# Creating a Spark session

In [1]:
from pyspark.sql import *
from pyspark.sql import functions as f
from pyspark.sql.types import *

spark = SparkSession.builder.appName("SparkIntro").getOrCreate()

# Window functions
Last week we saw how to do group aggregations like for instance:

In [27]:
df = spark.read.option('header', True).option('inferSchema', True).csv('data/titanic.csv')
df.groupBy('Pclass').agg(f.sum('Fare'), f.avg('Fare'), f.max('Fare')).show()

+------+------------------+------------------+---------+
|Pclass|         sum(Fare)|         avg(Fare)|max(Fare)|
+------+------------------+------------------+---------+
|     1|18177.412499999984| 84.15468749999992| 512.3292|
|     3| 6714.695100000002|13.675550101832997|    69.55|
|     2|3801.8416999999995| 20.66218315217391|     73.5|
+------+------------------+------------------+---------+



Suppose we want to compute something on a group without reducing it. For example, let's say we want to find the oldest person in each passenger class.

We could first compute the max age per class and join the resulting dataframe with the original as follows.

In [28]:
max_fare_per_class = df.groupBy('Pclass')\
    .agg(f.max('Age').alias('MaxAge'))\
    .select('MaxAge', f.col('Pclass').alias('Pclass_'))

df.join(max_fare_per_class, (f.col('Age') == f.col('MaxAge')) & (f.col('Pclass') == f.col('Pclass_')), 'inner')\
    .drop('Pclass_')\
    .show()

+-----------+--------+------+--------------------+----+----+-----+-----+----------+-----+-----+--------+------+
|PassengerId|Survived|Pclass|                Name| Sex| Age|SibSp|Parch|    Ticket| Fare|Cabin|Embarked|MaxAge|
+-----------+--------+------+--------------------+----+----+-----+-----+----------+-----+-----+--------+------+
|        631|    true|     1|Barkworth, Mr. Al...|male|80.0|    0|    0|     27042| 30.0|  A23|       S|  80.0|
|        673|   false|     2|Mitchell, Mr. Hen...|male|70.0|    0|    0|C.A. 24580| 10.5| null|       S|  70.0|
|        852|   false|     3| Svensson, Mr. Johan|male|74.0|    0|    0|    347060|7.775| null|       S|  74.0|
+-----------+--------+------+--------------------+----+----+-----+-----+----------+-----+-----+--------+------+



What if we want the three oldest passengers in each class? The method above wont work, because we are using `max` in the first dataframe.

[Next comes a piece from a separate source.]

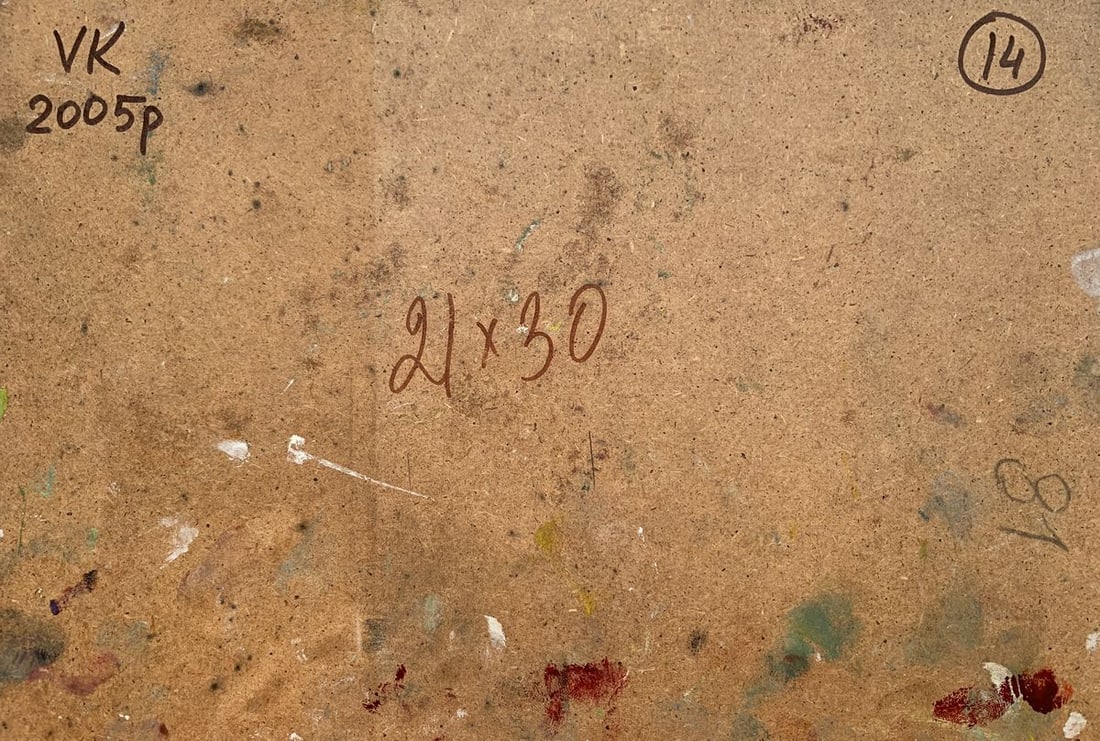 Oil painting Village shrouded in snow Unknown artist - 9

The solution is to use a Window function. With a window function you basically treat each group as a separate dataframe.

In the following example we sort each group by age and add a new column with the "rank" of each passenger within the group. Here, the "rank" becomes the sort order.

In [29]:
sorted_by_age_window = Window.partitionBy('Pclass').orderBy(f.desc('Age'))

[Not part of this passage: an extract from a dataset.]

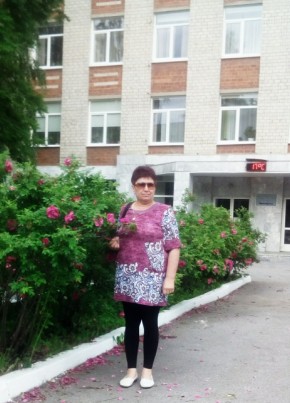 Людмила, 61, Россия, Артёмовский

ranked_df = df.withColumn('AgeClassRank', f.rank().over(sorted_by_age_window))
ranked_df.filter(f.col('AgeClassRank') <= 3).drop('AgeClassRank').orderBy('Pclass', f.desc('Age')).show()

+-----------+--------+------+--------------------+----+----+-----+-----+-----------+-------+-----+--------+
|PassengerId|Survived|Pclass|                Name| Sex| Age|SibSp|Parch|     Ticket|   Fare|Cabin|Embarked|
+-----------+--------+------+--------------------+----+----+-----+-----+-----------+-------+-----+--------+
|        631|    true|     1|Barkworth, Mr. Al...|male|80.0|    0|    0|      27042|   30.0|  A23|       S|
|         97|   false|     1|Goldschmidt, Mr. ...|male|71.0|    0|    0|   PC 17754|34.6542|   A5|       C|
|        494|   false|     1|Artagaveytia, Mr....|male|71.0|    0|    0|   PC 17609|49.5042| null|       C|
|        673|   false|     2|Mitchell, Mr. Hen...|male|70.0|    0|    0| C.A. 24580|   10.5| null|       S|
|         34|   false|     2|Wheadon, Mr. Edwa...|male|66.0|    0|    0| C.A. 24579|   10.5| null|       S|
|        571|    true|     2|  Harris, Mr. George|male|62.0|    0|    0|S.W./PP 752|   10.5| null|       S|
|        852|   false|     3

# Physical Plans
When using the DataFrame API, Spark will optimize your program by reordering the operations that you wish to perform.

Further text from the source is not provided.